The Lady Chapel, the first part of the building to be completed, was consecrated in 1910 by Bishop Chavasse in the presence of two archbishops and 24 other bishops. Work was severely limited during the First World War, with a shortage of manpower, materials and money. By 1920, the workforce had been brought back up to strength and the stone quarries at Woolton, source of the red sandstone for most of the building, reopened.
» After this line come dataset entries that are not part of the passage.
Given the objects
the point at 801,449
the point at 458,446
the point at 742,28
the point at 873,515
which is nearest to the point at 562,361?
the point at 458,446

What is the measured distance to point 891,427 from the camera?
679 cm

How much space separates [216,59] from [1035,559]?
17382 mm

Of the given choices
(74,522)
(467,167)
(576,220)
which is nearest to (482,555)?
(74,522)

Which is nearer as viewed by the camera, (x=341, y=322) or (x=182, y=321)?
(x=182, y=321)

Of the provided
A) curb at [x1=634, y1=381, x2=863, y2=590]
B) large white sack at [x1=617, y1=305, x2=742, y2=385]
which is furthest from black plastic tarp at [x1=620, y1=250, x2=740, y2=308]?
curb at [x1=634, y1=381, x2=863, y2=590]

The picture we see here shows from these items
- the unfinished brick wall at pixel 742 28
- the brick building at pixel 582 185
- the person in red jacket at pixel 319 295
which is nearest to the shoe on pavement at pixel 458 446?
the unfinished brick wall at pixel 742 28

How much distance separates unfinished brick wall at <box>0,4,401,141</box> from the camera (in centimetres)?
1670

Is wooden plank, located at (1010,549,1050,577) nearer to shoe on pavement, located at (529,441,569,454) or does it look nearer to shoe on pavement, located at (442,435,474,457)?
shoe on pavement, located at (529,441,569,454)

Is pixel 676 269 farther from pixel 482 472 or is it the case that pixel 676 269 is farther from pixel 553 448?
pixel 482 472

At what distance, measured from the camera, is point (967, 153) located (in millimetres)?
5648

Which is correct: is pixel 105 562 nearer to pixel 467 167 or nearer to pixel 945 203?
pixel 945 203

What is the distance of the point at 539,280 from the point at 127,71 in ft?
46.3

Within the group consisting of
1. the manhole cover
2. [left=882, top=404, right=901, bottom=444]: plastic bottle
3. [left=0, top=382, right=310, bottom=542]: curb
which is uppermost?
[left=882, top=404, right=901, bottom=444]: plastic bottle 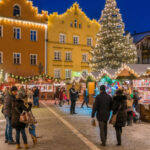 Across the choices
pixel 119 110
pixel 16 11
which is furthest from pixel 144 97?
pixel 16 11

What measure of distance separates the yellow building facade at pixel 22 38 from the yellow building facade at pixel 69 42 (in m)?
1.35

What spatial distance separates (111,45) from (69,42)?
31.8 ft

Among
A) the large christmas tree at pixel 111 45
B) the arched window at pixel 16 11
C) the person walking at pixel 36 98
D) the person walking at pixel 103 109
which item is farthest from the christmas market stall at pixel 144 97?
the arched window at pixel 16 11

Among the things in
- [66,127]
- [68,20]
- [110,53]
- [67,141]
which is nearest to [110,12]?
[110,53]

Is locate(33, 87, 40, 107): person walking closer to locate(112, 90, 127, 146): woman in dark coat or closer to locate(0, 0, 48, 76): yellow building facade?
locate(112, 90, 127, 146): woman in dark coat

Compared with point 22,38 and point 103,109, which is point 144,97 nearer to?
point 103,109

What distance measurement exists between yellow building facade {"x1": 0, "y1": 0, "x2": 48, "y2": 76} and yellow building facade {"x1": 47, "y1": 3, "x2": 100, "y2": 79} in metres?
1.35

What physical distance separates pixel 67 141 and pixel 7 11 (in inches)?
1077

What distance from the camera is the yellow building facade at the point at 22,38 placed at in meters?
30.8

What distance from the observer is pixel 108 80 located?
17.9 meters

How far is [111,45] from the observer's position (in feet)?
92.1

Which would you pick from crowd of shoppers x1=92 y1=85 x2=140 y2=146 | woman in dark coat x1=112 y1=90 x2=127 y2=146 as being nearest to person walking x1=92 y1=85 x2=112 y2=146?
crowd of shoppers x1=92 y1=85 x2=140 y2=146

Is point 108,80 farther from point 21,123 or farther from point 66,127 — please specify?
point 21,123

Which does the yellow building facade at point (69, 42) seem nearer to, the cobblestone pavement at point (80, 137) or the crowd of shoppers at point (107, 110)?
the cobblestone pavement at point (80, 137) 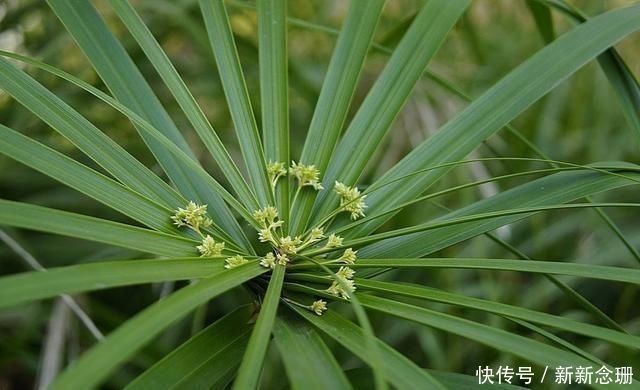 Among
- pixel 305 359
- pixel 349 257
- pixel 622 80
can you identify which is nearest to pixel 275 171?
pixel 349 257

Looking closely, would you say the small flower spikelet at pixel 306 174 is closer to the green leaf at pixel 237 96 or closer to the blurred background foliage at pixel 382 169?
the green leaf at pixel 237 96

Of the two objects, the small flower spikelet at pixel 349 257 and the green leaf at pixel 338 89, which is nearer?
the small flower spikelet at pixel 349 257

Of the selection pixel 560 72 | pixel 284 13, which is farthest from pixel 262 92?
pixel 560 72

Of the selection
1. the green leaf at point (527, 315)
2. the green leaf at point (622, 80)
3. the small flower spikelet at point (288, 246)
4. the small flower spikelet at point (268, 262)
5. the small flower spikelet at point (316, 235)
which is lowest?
the green leaf at point (527, 315)

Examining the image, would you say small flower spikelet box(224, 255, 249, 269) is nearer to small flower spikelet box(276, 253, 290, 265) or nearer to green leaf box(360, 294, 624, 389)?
small flower spikelet box(276, 253, 290, 265)

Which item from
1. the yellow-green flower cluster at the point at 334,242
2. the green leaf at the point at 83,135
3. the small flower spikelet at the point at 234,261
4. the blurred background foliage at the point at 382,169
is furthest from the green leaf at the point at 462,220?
the blurred background foliage at the point at 382,169

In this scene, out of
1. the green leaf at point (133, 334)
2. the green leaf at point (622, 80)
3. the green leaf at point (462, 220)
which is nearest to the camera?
the green leaf at point (133, 334) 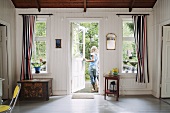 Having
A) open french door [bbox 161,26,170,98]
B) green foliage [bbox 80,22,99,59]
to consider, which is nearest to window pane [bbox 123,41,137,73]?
open french door [bbox 161,26,170,98]

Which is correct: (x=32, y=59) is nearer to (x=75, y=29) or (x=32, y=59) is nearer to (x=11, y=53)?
(x=11, y=53)

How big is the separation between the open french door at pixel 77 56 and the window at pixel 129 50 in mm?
1616

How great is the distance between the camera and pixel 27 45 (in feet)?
18.6

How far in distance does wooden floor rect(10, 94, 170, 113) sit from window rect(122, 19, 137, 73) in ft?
3.46

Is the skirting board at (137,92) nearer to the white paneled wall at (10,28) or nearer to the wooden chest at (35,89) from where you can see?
the wooden chest at (35,89)

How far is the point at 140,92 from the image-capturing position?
591cm

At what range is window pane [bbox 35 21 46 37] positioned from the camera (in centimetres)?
595

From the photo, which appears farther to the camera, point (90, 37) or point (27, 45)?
point (90, 37)

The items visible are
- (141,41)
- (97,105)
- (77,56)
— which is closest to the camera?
(97,105)

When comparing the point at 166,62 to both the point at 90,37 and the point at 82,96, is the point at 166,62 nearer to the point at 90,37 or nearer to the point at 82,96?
the point at 82,96

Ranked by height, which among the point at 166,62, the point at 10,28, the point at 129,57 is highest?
the point at 10,28

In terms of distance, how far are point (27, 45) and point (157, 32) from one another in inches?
168

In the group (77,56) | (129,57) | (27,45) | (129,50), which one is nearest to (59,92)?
(77,56)

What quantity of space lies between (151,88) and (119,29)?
232 centimetres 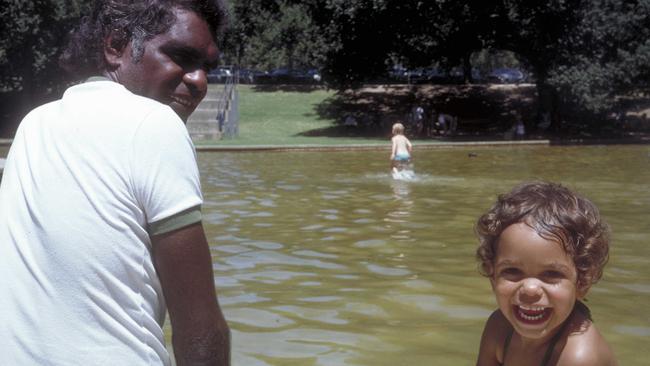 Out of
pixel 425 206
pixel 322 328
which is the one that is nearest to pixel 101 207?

The first section of the main body of the cathedral was complete by 1924, and on 19 July 1924, the 20th anniversary of the laying of the foundation stone, the cathedral was consecrated in the presence of King George V and Queen Mary, and bishops and archbishops from around the globe.

Construction continued throughout the 1930s, but slowed drastically throughout the Second World War, as it had done during the First. Scott continued to work on the project until his death, refining the design as he went. He designed every aspect of the building down to the fine details. The cathedral was finished in 1978, nearly two decades after Scott's death.

===Other early work===
While Scott was feuding with Bodley in Liverpool, he managed to design and see built his first complete church. This was the Church of the Annunciation, a Roman Catholic church in Bournemouth, in which he made a high transept similar to his original plan for Liverpool. His work on another new Roman Catholic church at Sheringham, Norfolk showed his preference for simple Gothic frontages. Other churches built by Scott at this time, at Ramsey on the Isle of Man, Northfleet in Kent and Stoneycroft in Liverpool, show the development of his style. Scott and his brother Adrian worked on Grey Wings, a house in Ashtead, Surrey in 1913. While working in Liverpool, Scott met and married Louise Wallbank Hughes, a receptionist at the Adelphi Hotel; his mother was displeased to learn that she was a Protestant. The marriage was happy, and lasted until Louise Scott's death in 1949. They had three sons, one of whom died in infancy.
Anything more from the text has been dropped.